Boehner Column: "Third Parties Helping Secure America Should Be Protected, Not Opened Up to Lawsuits"

Earlier this year, lawmakers on both sides of the aisle came together to pass an economic growth package to help get our economy moving again. I hoped this same spirit bipartisanship would extend to other critical matters, such as reducing wasteful government spending and keeping America safe. Sadly, this was not to be.

At the end of last week, the House left Washington for a 12-day break after failing to pass critical legislation designed to ensure that our intelligence officials are able to monitor foreign communications of suspected terrorists overseas, such as Osama Bin Laden and other key al-Qaeda leaders while adding critical liability protections for third parties who helped us defend our country. This measure received strong bipartisan support in the Senate, and was on the verge of receiving the similar bipartisan support in the House until it was blocked from coming to the floor.

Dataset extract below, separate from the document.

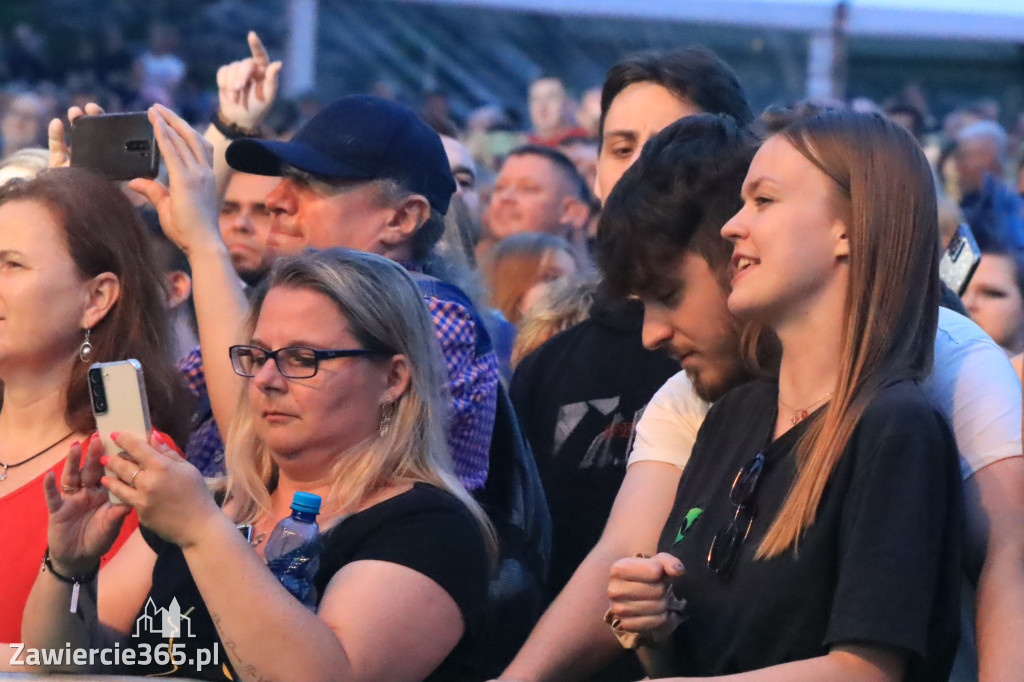 Fotorelacja:  Święto Gminy Ogrodzieniec - piątek.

For some lawmakers, there is no urgency to address this crisis. But the New York Post recently reported a heartbreaking story about U.S. forces in Iraq having to wait 10 hours last May before they could begin searching for three American soldiers taken hostage by al Qaeda because lawyers here in the United States were hammering out the proper documents to get emergency permission for wiretaps. One of our soldiers was found dead; two others remain missing.

These unconscionable delays had real consequences. It should take exactly zero lawyers to rescue our troops. The liability protections included in the bipartisan Senate bill are intended to ensure that patriotic third parties are not subject to frivolous lawsuits when they cooperate with our intelligence officials to help track terrorists and protect our country. But already some trial lawyers are seeking millions of dollars in the form of frivolous lawsuits from third parties who have voluntarily cooperated with our government. This is wrong and we must fix it.

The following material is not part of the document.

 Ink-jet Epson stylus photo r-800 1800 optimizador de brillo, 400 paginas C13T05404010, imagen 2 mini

Our first priority should be protecting our national security and not paying off trial lawyer campaign contributors. The question now is how much longer are some lawmakers prepared to protect their trial lawyer allies at the expense of our national security?

Much has been said about the U.S. Senate being the world’s most deliberative body, but in this case our colleagues proved that they can work quickly to pass good legislation that will keep America safe.

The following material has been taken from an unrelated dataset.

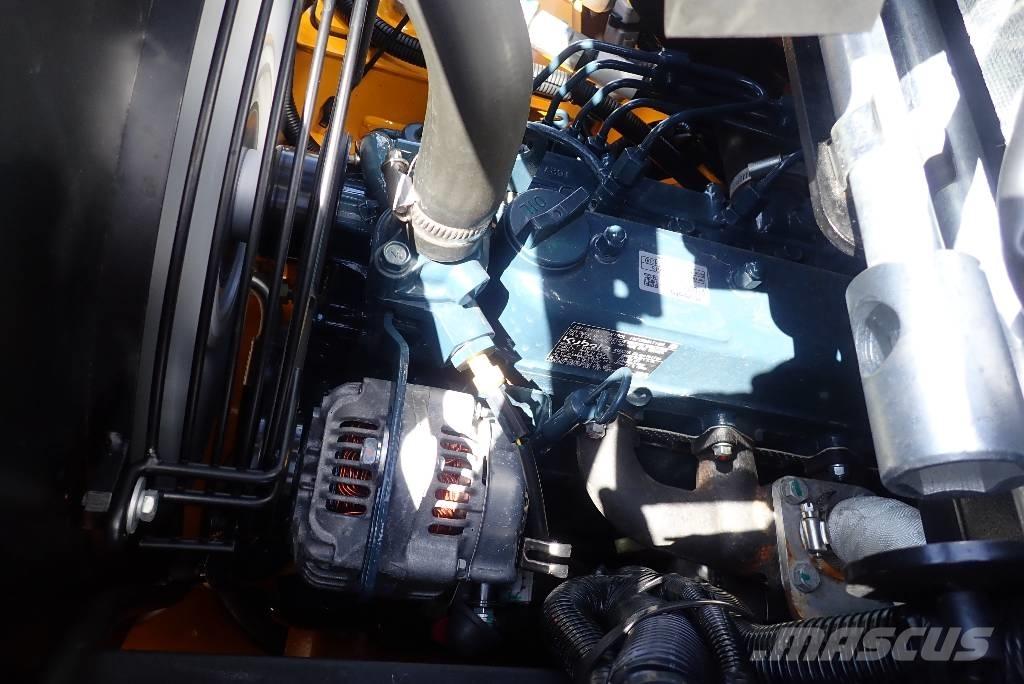 JCB 403 Μίνι φορτωτές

The consequences of inaction in the House and the failure to send a bill to the President are real. U.S. intelligence officials will not be able to begin new terrorist surveillance without needless and dangerous delays. If a previously unknown group were to attack or kidnap American soldiers tomorrow, U.S. forces would have to wait – again – for the lawyers to get permission before a search could begin. The families of the three soldiers abducted in May by al Qaeda can attest to how devastating waiting can be.

The Foreign Intelligence Surveillance Act was written and passed during the Cold War era, and in August Congress updated it to reflect the sophisticated and adaptive nature of the terrorist threat. Just a few months ago, we were able to work in a bipartisan manner to close a gaping loophole that allows our intelligence officials to monitor foreign communications of terrorists overseas. There only ones preventing us from working together in a bipartisan way again are those in the House beholden to trial lawyers.

What was true then remains the same today: instead of shielding terrorists, we should be working to prevent future attacks. Refusing to give our intelligence officials all the tools they need to keep America safe is unacceptable. Refusing to extend protection from frivolous lawsuits to third parties that cooperate with the government to protect American lives and then leaving town for 12 days is also unacceptable. And it begs the question: how much longer are some in Congress willing to protect their trial lawyer allies at the expense of our national security?